KX Community

Find answers, ask questions, and connect with our KX Community around the world.
KX Community Guidelines

Home Forums kdb+ Transform Specific Column Values Re: Transform Specific Column Values

  • rocuinneagain

    Member
    August 17, 2021 at 12:00 am

    ssr is a much slower operation than the above examples.
    Using wildcards such as “*#” is also difficult as it matches more than one suffix (.e.g “#” and “^#”).
    To work around this you can choose the longest matching suffix.

    Using ‘like’ and ‘@’ where possible rather than ‘ssr’ as below is a big speed improvement.

    Searching for “*” is also difficult as it is a wildcard. Instead, I use tab “t” in it’s place.

    If “t” is possibly in your data you would need to change this for another character.

    symbology:.Q.id ("****";enlist ",")0:`:symbology.csv
    update searchNASDAQ:{"*",@[x;where x="*";:;"t"]} each NASDAQ from `symbology
    func:{s:string x;
     m:select from symbology where @[s;where s="*";:;"t"] like/:searchNASDAQ;
     l:max count each m`NASDAQ;
     c:first exec CMS from m where l=count each NASDAQ;
     `$$[c~();s;(neg[l]_s),c]
    };

    In a test it does seem to operate correctly.

    Overall it still has risks as if bad data is sent in the function cannot truly validate what it is doing. Ideally you would have root and suffix separated by a known delimiter such as a space ” ” in the source data.

    -6 sublist {([] symNASDAQ:n;symCMS:func each n:`$"AAPL",/:x)}symbology`NASDAQ
    symNASDAQ symCMS 
    ------------------
    AAPL# AAPLWI 
    AAPL^# AAPLRTWI
    AAPL-# AAPLPRWI
    AAPL.A# AAPLAWI 
    AAPL+# AAPLWSWI
    AAPL~ AAPLTEST

    The extra complexity does come at a cost of speed.

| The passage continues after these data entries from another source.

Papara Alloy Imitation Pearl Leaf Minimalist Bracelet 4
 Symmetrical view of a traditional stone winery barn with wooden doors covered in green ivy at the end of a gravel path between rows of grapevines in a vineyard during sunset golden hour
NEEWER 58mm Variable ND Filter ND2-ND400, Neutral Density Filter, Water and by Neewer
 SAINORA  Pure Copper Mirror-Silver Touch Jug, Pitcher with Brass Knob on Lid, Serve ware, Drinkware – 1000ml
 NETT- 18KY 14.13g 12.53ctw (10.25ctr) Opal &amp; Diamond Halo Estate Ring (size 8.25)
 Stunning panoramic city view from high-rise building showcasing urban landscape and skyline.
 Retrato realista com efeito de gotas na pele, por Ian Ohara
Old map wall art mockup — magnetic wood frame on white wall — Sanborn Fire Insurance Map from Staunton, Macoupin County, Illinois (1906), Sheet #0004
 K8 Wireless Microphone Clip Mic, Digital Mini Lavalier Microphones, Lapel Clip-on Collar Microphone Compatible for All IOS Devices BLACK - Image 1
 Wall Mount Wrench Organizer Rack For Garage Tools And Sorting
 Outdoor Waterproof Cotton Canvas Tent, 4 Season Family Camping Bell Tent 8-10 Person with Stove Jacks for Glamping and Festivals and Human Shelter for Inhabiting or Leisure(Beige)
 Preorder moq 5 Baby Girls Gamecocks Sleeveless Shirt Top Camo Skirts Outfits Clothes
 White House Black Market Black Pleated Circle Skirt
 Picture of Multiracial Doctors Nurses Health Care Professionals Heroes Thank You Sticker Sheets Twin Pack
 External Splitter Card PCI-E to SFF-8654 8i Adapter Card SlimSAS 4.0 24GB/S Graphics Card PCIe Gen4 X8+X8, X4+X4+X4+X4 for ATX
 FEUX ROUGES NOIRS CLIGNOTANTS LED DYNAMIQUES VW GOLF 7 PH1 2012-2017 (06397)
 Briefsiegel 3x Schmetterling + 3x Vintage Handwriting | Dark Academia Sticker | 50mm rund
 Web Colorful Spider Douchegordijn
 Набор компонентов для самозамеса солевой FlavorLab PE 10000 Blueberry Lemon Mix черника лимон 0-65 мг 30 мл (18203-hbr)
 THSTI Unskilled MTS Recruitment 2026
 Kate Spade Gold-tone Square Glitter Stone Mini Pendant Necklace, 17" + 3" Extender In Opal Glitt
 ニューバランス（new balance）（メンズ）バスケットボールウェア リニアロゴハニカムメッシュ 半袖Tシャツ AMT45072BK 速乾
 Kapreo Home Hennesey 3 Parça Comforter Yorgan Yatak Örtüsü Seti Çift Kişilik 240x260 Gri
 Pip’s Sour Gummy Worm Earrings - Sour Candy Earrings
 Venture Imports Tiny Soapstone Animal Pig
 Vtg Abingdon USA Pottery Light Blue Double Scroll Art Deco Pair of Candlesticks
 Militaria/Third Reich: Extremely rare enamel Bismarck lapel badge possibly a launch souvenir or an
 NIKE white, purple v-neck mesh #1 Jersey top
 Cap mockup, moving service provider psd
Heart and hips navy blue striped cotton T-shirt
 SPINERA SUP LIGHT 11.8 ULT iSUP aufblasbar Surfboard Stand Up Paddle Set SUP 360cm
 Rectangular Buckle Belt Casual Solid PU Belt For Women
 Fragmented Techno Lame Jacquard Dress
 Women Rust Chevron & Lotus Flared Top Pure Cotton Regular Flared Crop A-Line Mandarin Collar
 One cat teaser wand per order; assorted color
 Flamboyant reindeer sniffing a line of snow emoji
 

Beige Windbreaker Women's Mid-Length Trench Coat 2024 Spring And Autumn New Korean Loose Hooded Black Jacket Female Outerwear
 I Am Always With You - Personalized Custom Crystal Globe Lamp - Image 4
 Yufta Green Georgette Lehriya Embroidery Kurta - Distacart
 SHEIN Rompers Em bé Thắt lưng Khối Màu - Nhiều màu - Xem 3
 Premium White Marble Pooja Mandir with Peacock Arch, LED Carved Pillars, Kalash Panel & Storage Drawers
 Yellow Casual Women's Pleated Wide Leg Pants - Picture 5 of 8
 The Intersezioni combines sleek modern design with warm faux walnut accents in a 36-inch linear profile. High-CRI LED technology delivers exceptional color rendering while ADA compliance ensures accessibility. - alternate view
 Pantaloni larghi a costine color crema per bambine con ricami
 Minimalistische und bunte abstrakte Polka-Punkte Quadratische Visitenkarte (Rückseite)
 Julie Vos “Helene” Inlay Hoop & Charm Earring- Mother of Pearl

    \ts func each 10000#`$"AAPL+#"
    41 553776

    symbologyOld:`NASDAQ xkey .Q.id (“****”;enlist “,”)0:`:symbology.csv
    \ts {s:string x;`$(4#s),symbologyOld[4 _ s]`CQSSuffix} each 10000#`$”AAPL+#”
    12 554448
    \ts {s:string x;r:first where not s in .Q.A;`$(r#s),symbologyOld[r _ s]`CQSSuffix} each 10000#`$”AAPL+#”
    16 554464

    As you used in your original example .Q.fu is a great tool when performing an intensive task repeatedly.

    Extreme example with only one unique input:

    \ts .Q.fu[func each] 10000#`$"AAPL+#"
    0 394032

    One limitation of .Q.fu is that it has no memory between executions.

    One example of a way to bypass this would be a memory cache.

    The library https://github.com/gitrj95/q-memo could be used.

    In this use-case your function is fast enough that the cache is overkill and should not actually be used but would be useful for very slow operations you may have to run many times.

    l memo.k
    .memo.init[`.;10000h] //Create a cache with 10k limit
    .memo.mk[`func;`memoFunc;`cache.0] //Create a wrapped function to use the cache

    ts memoFunc each 10000#`$(“AAPL~”;”AAPL+#”)
    126 553936

    //The cache pre stores the results
    cache.0
    f a                | r 
    -------------------| ---------
    ::                 | :: 
    ..memoFunc ,`AAPL~ | `AAPLTEST
    ..memoFunc ,`AAPL+#| `AAPLWSWI